**Work required**.
Reproduce the records exactly through the line with "Pankakes on the".

(Data excerpts)
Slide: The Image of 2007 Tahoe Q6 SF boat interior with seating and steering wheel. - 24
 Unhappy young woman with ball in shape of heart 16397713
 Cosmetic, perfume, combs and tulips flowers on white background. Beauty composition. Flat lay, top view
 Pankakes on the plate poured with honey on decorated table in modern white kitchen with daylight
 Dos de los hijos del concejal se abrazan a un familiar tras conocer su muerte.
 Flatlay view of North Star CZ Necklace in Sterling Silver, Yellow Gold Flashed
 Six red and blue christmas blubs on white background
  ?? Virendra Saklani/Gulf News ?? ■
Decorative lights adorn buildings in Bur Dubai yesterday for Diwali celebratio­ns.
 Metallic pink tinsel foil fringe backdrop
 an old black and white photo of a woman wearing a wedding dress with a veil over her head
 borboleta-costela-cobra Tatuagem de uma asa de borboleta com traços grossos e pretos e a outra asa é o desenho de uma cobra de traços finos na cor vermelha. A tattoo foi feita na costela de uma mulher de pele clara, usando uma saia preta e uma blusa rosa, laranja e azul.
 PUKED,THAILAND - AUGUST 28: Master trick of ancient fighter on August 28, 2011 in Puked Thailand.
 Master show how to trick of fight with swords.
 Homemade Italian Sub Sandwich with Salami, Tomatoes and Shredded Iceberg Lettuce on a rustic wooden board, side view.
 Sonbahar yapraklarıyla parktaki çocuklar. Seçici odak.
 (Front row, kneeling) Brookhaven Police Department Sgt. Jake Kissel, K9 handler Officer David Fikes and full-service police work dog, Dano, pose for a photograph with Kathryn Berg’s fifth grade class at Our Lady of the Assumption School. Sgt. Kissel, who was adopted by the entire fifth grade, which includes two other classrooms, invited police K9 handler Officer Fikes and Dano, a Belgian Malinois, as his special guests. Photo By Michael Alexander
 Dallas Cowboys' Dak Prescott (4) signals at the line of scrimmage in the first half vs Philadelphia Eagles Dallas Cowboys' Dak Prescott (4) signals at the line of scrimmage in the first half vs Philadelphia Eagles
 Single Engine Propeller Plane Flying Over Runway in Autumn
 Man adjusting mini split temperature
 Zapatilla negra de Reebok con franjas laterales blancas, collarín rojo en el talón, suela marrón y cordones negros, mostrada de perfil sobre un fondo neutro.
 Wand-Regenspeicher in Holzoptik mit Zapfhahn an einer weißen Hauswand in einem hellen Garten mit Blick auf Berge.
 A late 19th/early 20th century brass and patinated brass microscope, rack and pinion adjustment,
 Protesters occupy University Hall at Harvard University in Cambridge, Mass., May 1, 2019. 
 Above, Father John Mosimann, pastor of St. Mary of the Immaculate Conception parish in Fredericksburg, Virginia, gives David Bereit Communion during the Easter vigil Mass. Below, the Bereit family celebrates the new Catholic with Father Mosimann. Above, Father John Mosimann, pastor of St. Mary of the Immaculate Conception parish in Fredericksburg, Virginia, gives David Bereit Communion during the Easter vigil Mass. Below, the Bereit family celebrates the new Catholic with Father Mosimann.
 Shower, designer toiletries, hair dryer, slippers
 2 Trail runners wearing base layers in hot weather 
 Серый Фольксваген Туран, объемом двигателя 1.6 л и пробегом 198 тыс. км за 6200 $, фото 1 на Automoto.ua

**Task output**.
Slide: The Image of 2007 Tahoe Q6 SF boat interior with seating and steering wheel. - 24
 Unhappy young woman with ball in shape of heart 16397713
 Cosmetic, perfume, combs and tulips flowers on white background. Beauty composition. Flat lay, top view
 Pankakes on the plate poured with honey on decorated table in modern white kitchen with daylight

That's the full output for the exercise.